We have a different observation here that we would like to share – and mind, this is not a forecast,  we are merely sharing something that is a matter of experience. Gold and commodities work in the exact opposite manner to stocks. They bottom gradually and make spike tops, whereas stocks tend to make spike lows and usually top out gradually. The reason for this difference in behavior is that the same emotion that drives rising commodity prices also drives falling stock prices: fear.
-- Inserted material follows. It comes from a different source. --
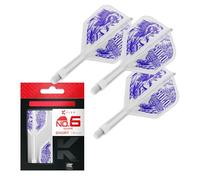 Target Japan K-Flex Solo Keita ONO No. Plumas y Cañas para Dardos KFlex | Pack de 3 Accesorios K Flex Player Edition | Cañas para Dardos KFlex, Corto (19mm)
In stocks we often observe that when the market is very oversold but fails to bounce in spite of that condition, a crash or a mini-crash can happen – as was in fact recently demonstrated. The opposite can happen in gold and commodities –  an overbought condition can lead to an upside blow-off.

We note that the gold market has been overbought for quite some time, but so far has refused to correct. Of course a short term correction remains the higher probability bet, however, one must be alive to the possibility that the recent persistent overbought state could also be the precursor to a blow-off move.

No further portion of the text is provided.